Los liberales también se propusieron fomentar el desarrollo de la industria y del comercio mediante un proceso de Revolución Industrial (tardío respecto al resto de Europa) y de modernización de las comunicaciones, con la creación de nuevas infraestructuras como el ferrocarril. No obstante, hubo diversos problemas.
Por un lado, España carecía de tradición industrial y la única industria, la textil catalana era incapaz de competir en el exterior. Por otro, España seguía siendo rico en materias primas materiales (hierro, plomo…) pero no había ni capital, ni conocimientos técnicos, ni demanda para explotarlos. Con la Ley de Minas de 1868, los principales yacimientos quedaron en manos de compañías extranjeras, por lo que España se convirtió en proveedora de materias primas y no se llegó a crear una industria transformadora.
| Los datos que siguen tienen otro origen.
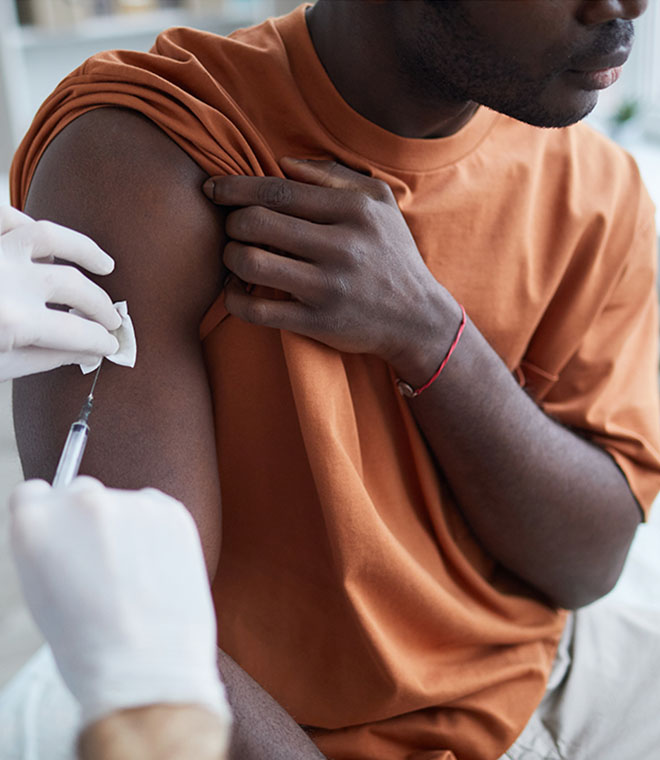 Black man receiving a shot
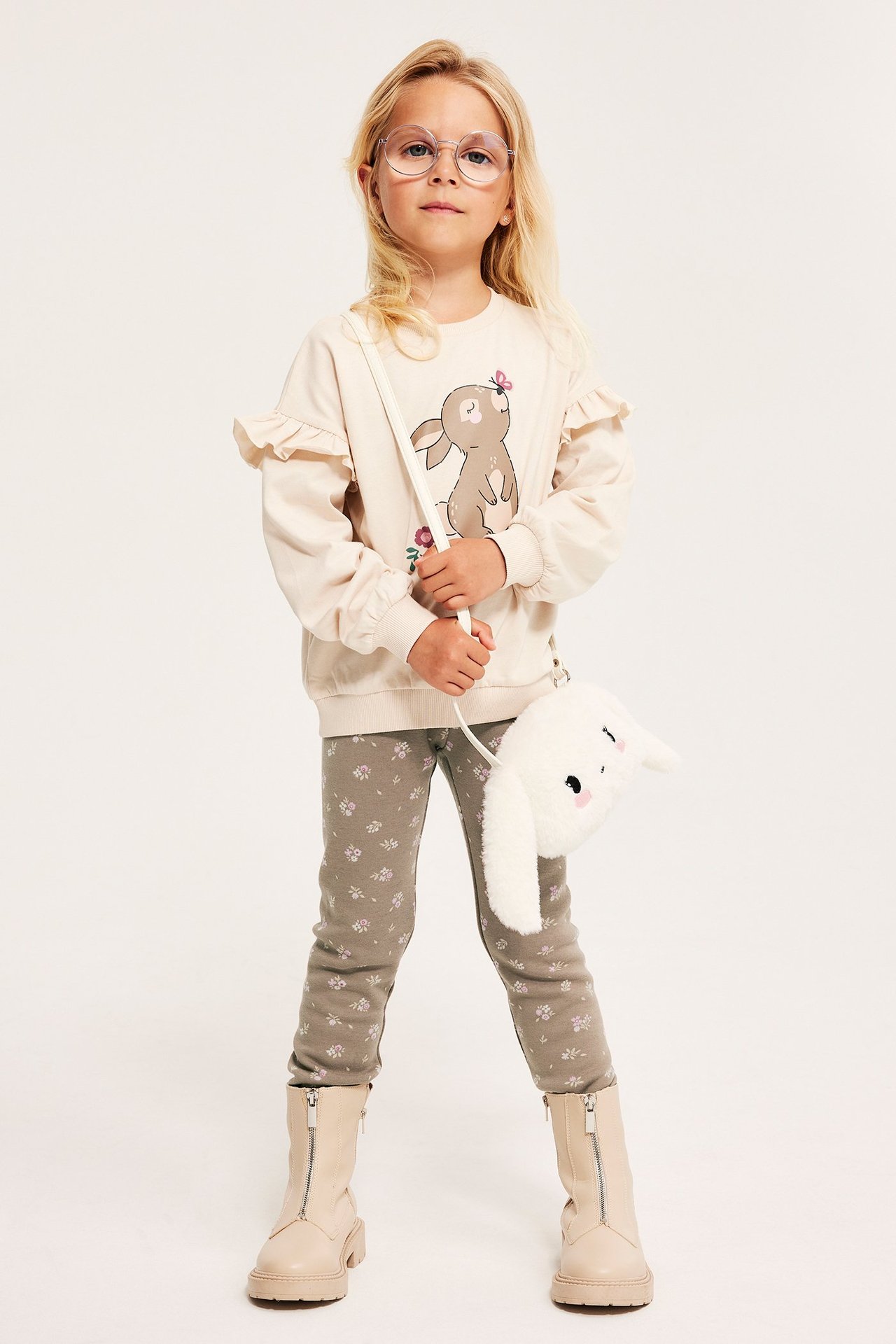 Widok z przodu: Dziecko w beżowych legginsach w kwiaty, beżowej bluzie, beżowych butach, z pluszową torbą-zającem.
La única industria pesada que se intentó desarrollar fue la siderúrgica, sin embargo, el país carecía de carbón de buena calidad (coque), la principal fuente de energía de la Revolución Industrial. Así pues, la industrialización española fue muy escasa y sólo se desarrollaron dos focos periféricos: la industria textil en Cataluña y la siderúrgica en el País Vasco. Respecto a las comunicaciones, la orografía española complicaba el transporte interior de mercancías y personas, que se vio obstaculizado por los sistemas montañosos que separan el interior peninsular (la Meseta) de las zonas periféricos, entre otros factores. A partir de 1840 se emprendieron programas de construcción y mejora de caminos y carreteras. No obstante, estos medios eran lentos y todas las esperanzas se depositaron en el nuevo medio de transporte que estaba revolucionado Europa, el ferrocarril. Consecuentemente, España se sumó a la iniciativa ferroviaria a finales de la década de 1840 y en 1848 se construyó la primera línea ferroviaria de Barcelona-Mataró, seguida tres años después de la de Madrid-Aranjuez.
El auténtico impulso se desencadenó con la Ley General de Ferrocarriles de 1855, que fomentaba la creación de compañías privadas de construcción y explotación. Asimismo, se creó una red radial en torno a Madrid, basada en las calzadas romanas y los caminos reales. Respecto al comercio, España carecía de un comercio interior único y homologado, en gran parte por la disparidad pesos. España exportaba materias primas e importaba productos manufacturados, lo que provocó que la balanza comercial fuese deficitaria. Con la intención de equilibrar la balanza, se recurrió a políticas proteccionistas y se impusieron fuertes aranceles a productos del exterior. Frente al proteccionismo se posicionaron los librecambistas que defendían que el Estado debía intervenir lo menos posible en la economía. Tampoco disponía el país de un sistema financiero estable, por ello se creó el Banco de España en 1856 y, posteriormente, otras entidades financieras privadas como el Banco de Santander. En 1868 se estableció la peseta como unidad monetaria oficial y tras el desastre colonial de 1898, destacó la fundación del Banco Español de Crédito (Banesto), entre otros, gracias a la repatriación de capitales de Cuba y Puerto Rico.